Needed from the data below: every line from the one with "Les plages de Guadeloupe" up to and including the one with "GK Quiz on National", repeated exactly and with nothing else.

__RECORD SET__:
§

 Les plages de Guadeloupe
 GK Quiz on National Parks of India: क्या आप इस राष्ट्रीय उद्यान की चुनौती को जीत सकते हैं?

§

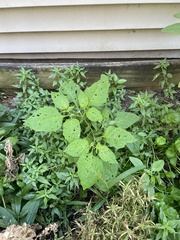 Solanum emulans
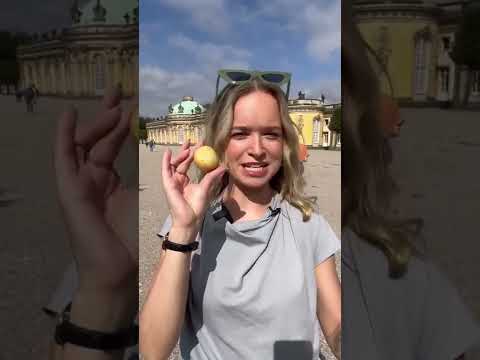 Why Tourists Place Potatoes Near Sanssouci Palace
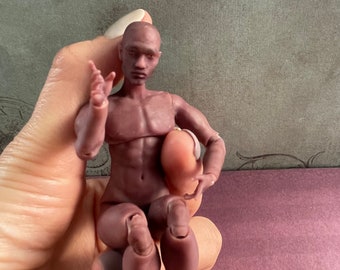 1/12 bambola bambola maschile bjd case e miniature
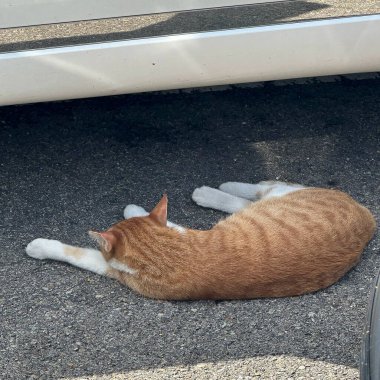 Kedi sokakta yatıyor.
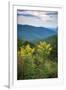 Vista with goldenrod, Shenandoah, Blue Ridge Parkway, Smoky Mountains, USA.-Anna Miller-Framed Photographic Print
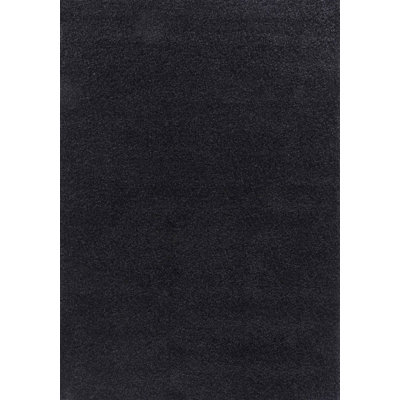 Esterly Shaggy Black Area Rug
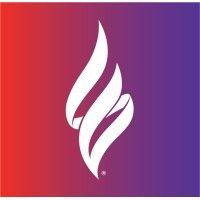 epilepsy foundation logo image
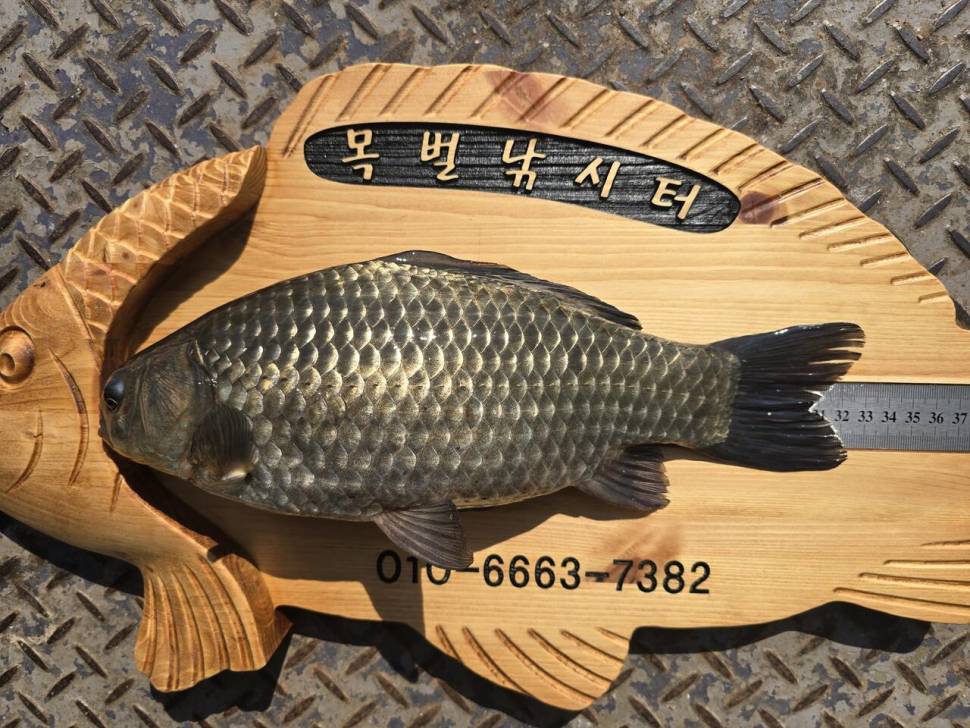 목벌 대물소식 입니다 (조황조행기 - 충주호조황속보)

§

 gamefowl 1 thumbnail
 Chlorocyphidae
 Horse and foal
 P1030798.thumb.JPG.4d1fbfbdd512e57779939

§

__OUTPUT__:
 Les plages de Guadeloupe
 GK Quiz on National Parks of India: क्या आप इस राष्ट्रीय उद्यान की चुनौती को जीत सकते हैं?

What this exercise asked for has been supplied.